Brief => Look below for the line containing "bathroom with hardwood"; from there, print each line exactly up to and including the line containing "Rear view of", and stop.

Material provided =>

^^^^

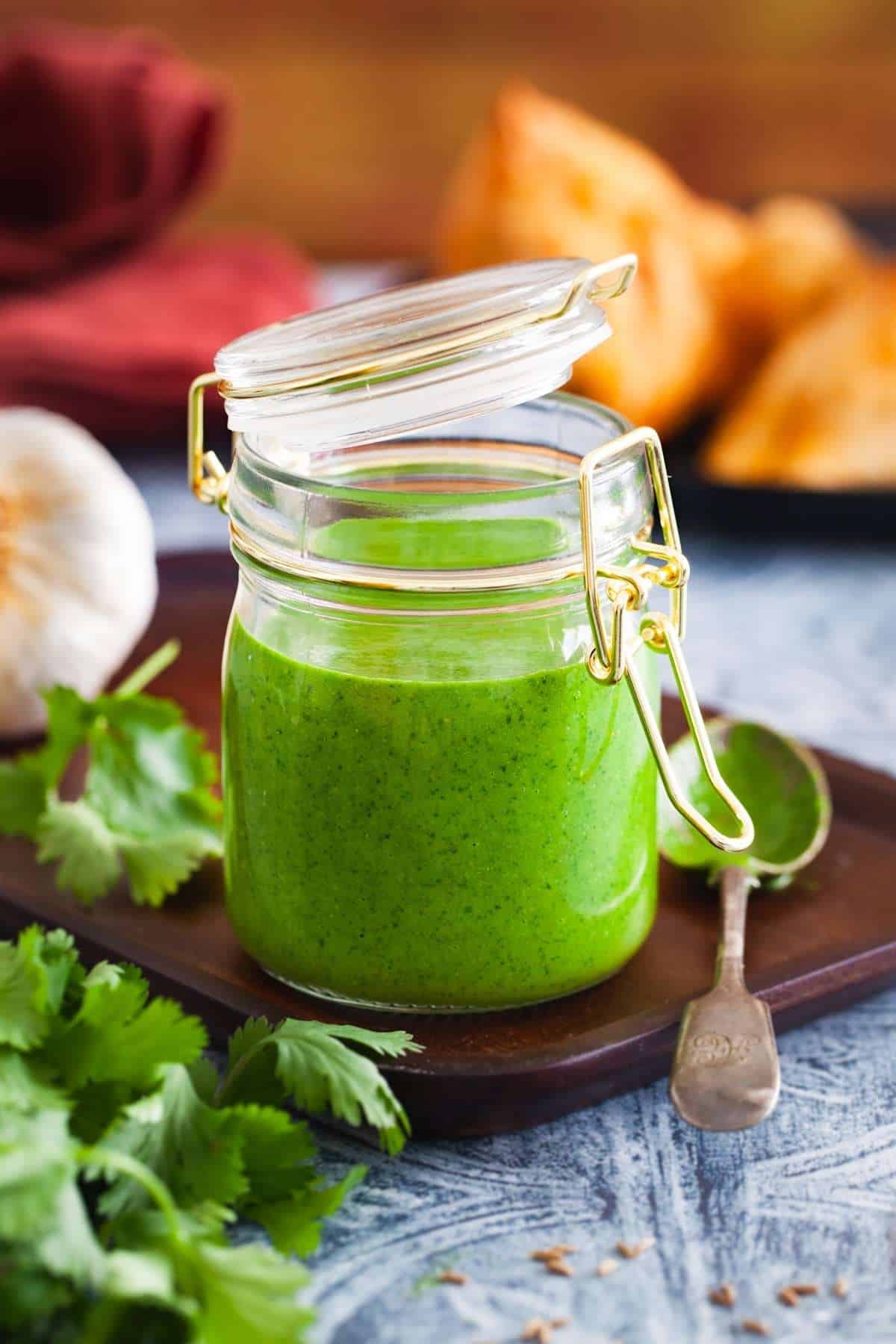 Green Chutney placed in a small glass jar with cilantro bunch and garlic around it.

^^^^

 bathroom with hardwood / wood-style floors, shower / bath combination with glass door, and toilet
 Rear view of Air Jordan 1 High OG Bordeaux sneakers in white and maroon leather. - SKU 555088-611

^^^^

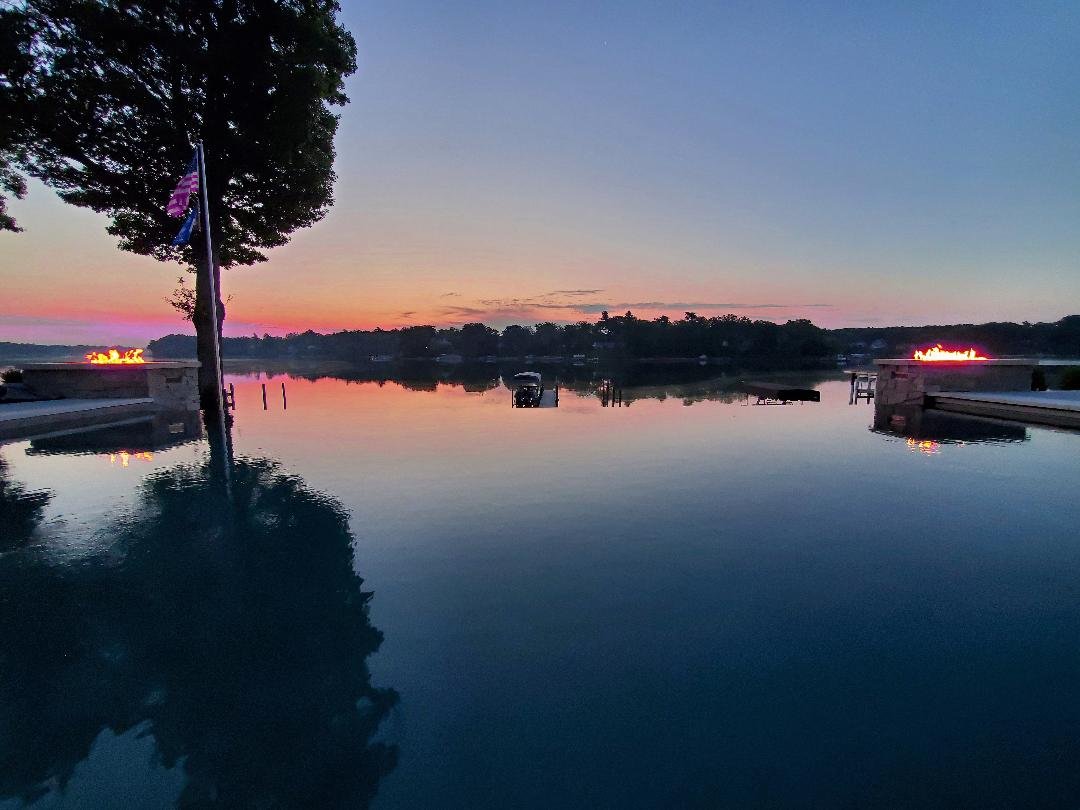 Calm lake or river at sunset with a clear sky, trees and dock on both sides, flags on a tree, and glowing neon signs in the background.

^^^^

Task answer =>
 bathroom with hardwood / wood-style floors, shower / bath combination with glass door, and toilet
 Rear view of Air Jordan 1 High OG Bordeaux sneakers in white and maroon leather. - SKU 555088-611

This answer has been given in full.